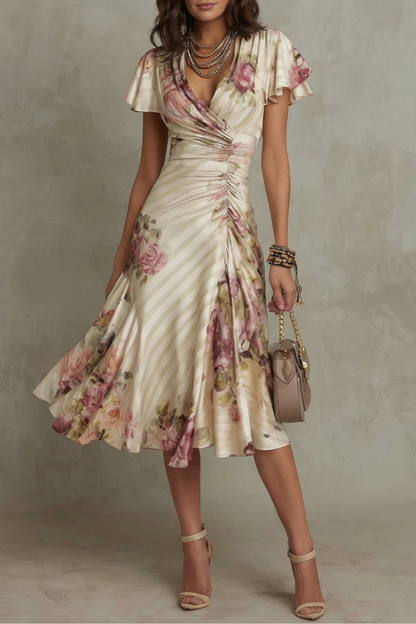 Jessamine - Luxe Wrap Midi Dress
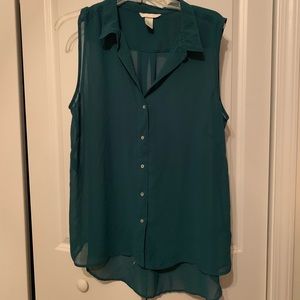 Green H&M tank top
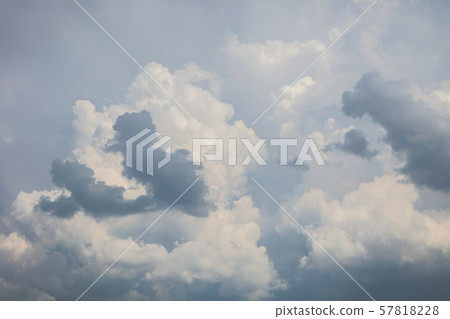 blue sky with clouds closeup blue sky with clouds closeup 57818228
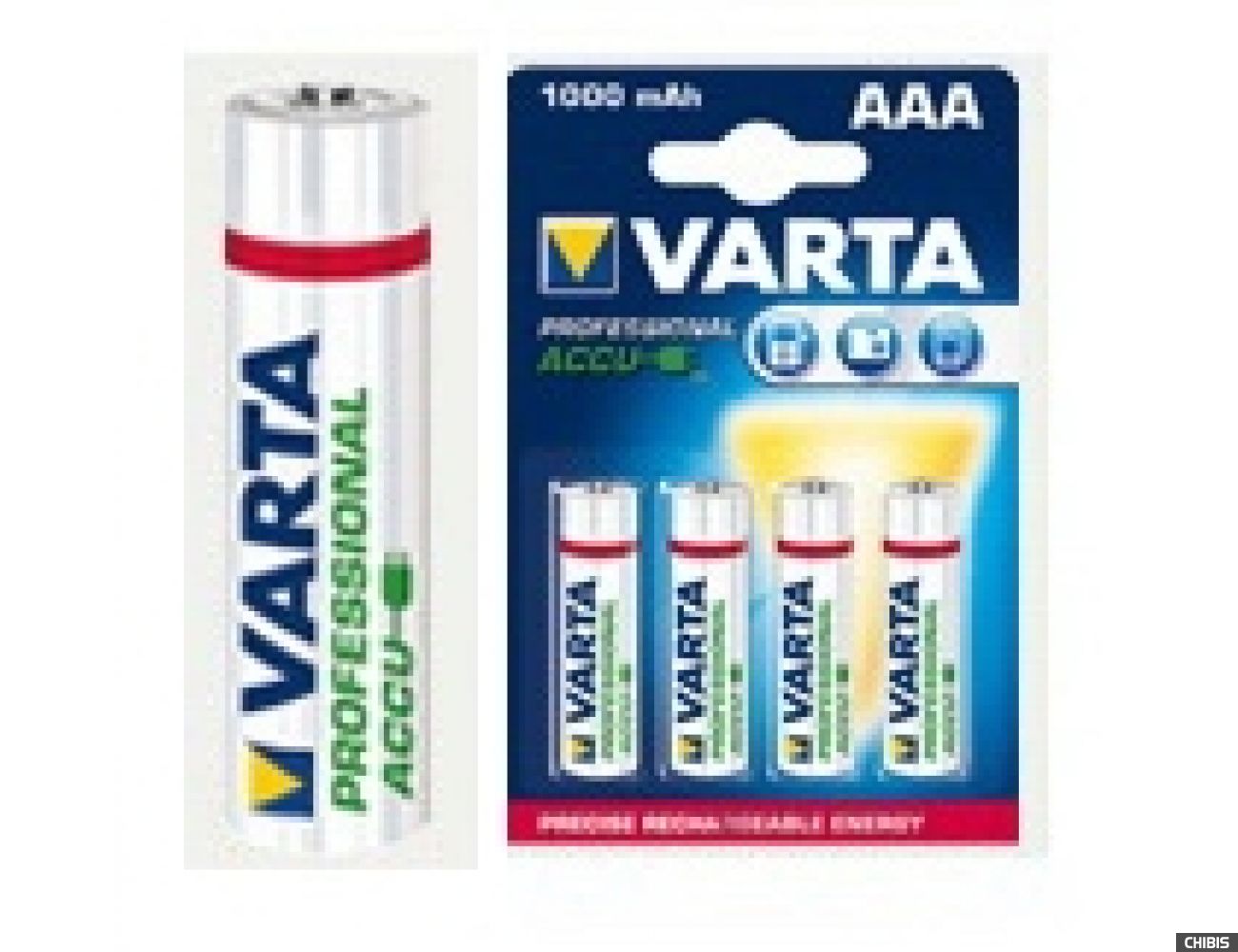 Аккумуляторные батарейки ААА Varta 1000 mAh Professional HR3 Ni-MH (05703301402)
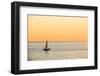 Italy, Friuli Venezia Giulia, Trieste, Boat at Sunset-Andrea Pavan-Framed Photographic Print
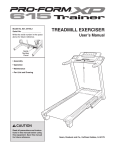 ProForm 831.24745.2 Treadmill User Manual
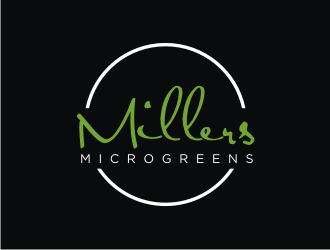 Millers Microgreens logo design by Adundas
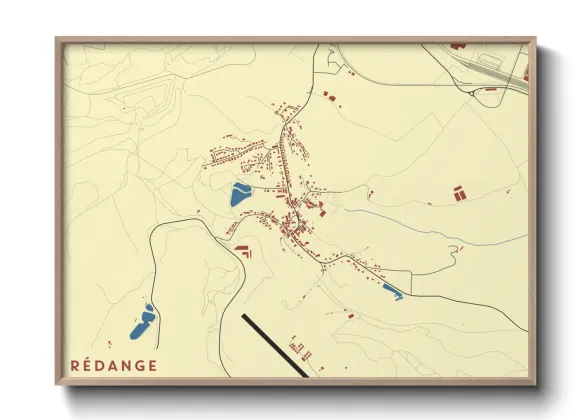 Une affiche de carte sur Rédange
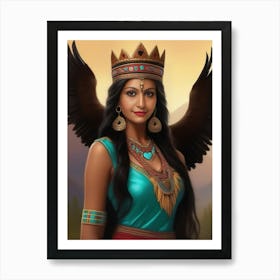 Queen of Eagles Art Print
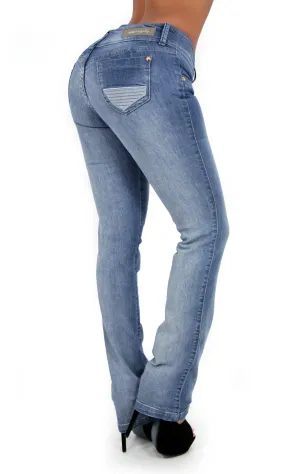 LAST ONE 17283 Boot Cut Maripily Skinny Jean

--

## Exercise aim
Each record, word for word, should be printed again without its pictures.

## Answer to this problem
 Jessamine - Luxe Wrap Midi Dress
 Green H&M tank top
 blue sky with clouds closeup blue sky with clouds closeup 57818228
 Аккумуляторные батарейки ААА Varta 1000 mAh Professional HR3 Ni-MH (05703301402)
 Italy, Friuli Venezia Giulia, Trieste, Boat at Sunset-Andrea Pavan-Framed Photographic Print
 ProForm 831.24745.2 Treadmill User Manual
 Millers Microgreens logo design by Adundas
 Une affiche de carte sur Rédange
 Queen of Eagles Art Print
 LAST ONE 17283 Boot Cut Maripily Skinny Jean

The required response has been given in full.